**Task**
Return the lines below in which the string "Ford" occurs.

**Raw data**
════════════════════
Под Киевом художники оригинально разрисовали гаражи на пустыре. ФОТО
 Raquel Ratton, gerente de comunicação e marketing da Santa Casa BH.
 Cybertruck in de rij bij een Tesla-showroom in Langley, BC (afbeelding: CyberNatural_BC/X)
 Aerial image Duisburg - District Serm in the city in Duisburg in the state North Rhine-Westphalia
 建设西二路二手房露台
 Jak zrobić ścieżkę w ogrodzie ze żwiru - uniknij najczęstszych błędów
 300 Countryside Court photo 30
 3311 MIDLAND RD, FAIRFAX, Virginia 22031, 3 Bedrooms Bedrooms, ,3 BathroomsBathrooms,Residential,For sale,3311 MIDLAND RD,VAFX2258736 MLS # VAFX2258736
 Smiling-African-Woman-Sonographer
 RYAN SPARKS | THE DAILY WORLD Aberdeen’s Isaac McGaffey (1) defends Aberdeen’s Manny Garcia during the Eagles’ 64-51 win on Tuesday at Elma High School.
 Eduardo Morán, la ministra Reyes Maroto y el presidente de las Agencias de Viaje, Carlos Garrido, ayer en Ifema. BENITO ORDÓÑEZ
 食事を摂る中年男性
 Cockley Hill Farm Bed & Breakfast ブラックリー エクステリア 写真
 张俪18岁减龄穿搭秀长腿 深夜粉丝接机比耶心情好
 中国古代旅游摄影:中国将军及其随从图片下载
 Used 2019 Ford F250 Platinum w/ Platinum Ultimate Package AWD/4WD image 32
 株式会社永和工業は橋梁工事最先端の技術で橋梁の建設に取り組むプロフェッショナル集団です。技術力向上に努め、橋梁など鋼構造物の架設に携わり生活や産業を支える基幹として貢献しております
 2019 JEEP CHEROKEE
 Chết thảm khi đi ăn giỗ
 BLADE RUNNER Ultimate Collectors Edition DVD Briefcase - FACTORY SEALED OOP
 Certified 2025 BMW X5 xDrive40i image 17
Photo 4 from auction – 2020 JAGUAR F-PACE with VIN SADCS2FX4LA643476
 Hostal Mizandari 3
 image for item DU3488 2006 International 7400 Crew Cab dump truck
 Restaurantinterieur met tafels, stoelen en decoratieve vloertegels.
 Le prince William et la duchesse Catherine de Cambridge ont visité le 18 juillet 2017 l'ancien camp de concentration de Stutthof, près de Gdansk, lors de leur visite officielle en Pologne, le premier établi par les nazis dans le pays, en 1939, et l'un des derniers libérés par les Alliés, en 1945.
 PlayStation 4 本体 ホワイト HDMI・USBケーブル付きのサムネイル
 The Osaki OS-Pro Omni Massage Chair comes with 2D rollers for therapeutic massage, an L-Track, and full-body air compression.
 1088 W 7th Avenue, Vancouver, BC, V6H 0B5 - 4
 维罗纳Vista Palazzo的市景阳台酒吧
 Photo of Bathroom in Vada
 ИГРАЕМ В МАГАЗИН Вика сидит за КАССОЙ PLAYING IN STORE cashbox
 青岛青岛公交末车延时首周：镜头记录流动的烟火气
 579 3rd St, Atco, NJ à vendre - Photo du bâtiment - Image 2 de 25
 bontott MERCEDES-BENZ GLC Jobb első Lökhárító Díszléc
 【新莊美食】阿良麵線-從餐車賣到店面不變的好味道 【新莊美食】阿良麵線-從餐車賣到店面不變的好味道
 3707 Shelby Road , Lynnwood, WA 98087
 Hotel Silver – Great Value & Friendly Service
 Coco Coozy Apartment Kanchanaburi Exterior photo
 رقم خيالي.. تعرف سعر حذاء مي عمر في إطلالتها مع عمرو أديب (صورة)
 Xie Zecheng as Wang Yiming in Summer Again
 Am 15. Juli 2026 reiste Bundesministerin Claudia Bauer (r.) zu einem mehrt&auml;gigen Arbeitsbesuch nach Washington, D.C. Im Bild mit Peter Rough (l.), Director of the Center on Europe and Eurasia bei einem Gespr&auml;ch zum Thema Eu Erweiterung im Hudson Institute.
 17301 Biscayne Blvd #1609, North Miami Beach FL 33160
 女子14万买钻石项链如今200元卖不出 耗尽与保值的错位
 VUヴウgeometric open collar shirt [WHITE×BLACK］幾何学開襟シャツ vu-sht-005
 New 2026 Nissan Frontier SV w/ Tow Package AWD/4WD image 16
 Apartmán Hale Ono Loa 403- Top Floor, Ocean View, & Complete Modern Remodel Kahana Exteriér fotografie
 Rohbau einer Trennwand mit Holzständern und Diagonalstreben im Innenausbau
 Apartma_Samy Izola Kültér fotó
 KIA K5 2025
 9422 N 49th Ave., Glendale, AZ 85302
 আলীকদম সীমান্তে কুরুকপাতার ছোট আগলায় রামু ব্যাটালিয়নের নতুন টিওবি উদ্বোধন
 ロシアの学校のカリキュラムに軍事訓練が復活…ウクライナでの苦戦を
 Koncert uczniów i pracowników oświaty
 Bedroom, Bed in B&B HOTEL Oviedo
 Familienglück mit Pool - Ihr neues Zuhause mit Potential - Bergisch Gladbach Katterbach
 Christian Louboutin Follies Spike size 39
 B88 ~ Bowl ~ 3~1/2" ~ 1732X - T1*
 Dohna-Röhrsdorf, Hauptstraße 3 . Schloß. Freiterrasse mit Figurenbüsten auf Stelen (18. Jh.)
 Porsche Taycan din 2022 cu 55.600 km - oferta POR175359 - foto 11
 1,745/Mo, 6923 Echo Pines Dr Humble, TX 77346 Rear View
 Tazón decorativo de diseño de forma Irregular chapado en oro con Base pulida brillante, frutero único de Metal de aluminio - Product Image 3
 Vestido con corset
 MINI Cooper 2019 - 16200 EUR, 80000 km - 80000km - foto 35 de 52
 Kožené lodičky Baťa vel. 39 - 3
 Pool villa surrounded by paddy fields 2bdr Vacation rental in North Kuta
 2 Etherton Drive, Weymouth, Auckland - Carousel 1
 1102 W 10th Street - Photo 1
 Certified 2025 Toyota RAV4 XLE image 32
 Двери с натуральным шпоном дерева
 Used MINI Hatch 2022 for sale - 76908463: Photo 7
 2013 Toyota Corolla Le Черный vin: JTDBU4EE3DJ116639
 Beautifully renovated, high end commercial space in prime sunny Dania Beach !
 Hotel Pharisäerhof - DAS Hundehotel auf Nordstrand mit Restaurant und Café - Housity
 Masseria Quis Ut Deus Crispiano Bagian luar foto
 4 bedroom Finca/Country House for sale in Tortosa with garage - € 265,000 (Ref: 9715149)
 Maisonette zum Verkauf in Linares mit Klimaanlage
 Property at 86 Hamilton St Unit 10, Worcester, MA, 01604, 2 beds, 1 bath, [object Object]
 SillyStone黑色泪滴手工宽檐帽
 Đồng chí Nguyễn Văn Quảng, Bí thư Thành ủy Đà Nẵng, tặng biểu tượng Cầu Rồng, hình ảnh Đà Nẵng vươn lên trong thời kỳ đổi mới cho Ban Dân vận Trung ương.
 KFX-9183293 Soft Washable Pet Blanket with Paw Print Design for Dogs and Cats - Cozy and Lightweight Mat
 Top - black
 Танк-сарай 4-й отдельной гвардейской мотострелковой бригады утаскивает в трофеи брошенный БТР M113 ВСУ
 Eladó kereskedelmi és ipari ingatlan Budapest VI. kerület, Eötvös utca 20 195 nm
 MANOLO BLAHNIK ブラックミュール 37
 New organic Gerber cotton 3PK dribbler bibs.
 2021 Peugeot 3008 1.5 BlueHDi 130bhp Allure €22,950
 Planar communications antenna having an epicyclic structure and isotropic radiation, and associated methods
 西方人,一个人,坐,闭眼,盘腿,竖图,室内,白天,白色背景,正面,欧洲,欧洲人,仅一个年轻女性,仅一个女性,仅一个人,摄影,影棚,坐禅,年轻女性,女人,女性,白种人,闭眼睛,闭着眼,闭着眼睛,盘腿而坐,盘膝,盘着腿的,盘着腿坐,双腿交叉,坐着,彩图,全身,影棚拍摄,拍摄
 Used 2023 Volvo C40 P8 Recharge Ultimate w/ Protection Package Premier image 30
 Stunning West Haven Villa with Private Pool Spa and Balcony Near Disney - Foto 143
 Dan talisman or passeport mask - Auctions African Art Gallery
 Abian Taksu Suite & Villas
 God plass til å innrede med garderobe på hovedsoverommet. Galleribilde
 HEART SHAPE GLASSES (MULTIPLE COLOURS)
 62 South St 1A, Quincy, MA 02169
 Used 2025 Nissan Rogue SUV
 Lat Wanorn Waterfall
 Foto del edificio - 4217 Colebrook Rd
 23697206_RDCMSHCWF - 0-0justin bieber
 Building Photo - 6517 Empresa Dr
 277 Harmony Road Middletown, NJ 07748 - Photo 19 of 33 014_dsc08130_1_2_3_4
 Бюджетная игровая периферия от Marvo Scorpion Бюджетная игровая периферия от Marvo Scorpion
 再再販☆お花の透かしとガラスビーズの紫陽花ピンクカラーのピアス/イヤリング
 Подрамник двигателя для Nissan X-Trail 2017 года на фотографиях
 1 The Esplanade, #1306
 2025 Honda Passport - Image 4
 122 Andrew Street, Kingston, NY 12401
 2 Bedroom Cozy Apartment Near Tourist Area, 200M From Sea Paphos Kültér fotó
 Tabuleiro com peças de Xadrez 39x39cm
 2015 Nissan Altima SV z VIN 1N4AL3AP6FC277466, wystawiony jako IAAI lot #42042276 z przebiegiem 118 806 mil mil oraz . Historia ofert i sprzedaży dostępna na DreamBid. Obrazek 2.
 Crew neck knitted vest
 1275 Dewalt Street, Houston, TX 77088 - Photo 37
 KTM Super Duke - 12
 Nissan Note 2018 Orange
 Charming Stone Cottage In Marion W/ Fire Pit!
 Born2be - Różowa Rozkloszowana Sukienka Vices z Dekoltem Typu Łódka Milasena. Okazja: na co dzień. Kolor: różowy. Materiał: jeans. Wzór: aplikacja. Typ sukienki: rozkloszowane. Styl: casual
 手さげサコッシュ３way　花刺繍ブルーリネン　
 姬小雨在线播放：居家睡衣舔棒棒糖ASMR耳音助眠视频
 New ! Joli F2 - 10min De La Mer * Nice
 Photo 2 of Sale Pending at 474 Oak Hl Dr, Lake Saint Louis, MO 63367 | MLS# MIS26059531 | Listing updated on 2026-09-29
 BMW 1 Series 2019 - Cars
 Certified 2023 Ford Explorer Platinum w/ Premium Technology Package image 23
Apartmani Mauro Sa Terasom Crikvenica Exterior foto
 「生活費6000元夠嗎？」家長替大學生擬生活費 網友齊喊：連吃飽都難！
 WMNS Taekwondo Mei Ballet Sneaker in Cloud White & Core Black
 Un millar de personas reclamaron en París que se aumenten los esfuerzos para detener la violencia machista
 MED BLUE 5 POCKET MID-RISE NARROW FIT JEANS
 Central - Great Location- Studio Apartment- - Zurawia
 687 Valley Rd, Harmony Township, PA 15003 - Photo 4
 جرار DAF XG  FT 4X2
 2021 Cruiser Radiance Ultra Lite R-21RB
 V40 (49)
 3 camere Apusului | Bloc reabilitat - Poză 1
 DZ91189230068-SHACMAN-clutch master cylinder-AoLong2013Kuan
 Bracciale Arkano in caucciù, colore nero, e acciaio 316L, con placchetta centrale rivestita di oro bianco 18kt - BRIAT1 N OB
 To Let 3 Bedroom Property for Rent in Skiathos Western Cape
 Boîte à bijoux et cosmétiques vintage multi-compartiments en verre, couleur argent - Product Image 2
════════════════════
**Reply**
 Used 2019 Ford F250 Platinum w/ Platinum Ultimate Package AWD/4WD image 32
 Certified 2023 Ford Explorer Platinum w/ Premium Technology Package image 23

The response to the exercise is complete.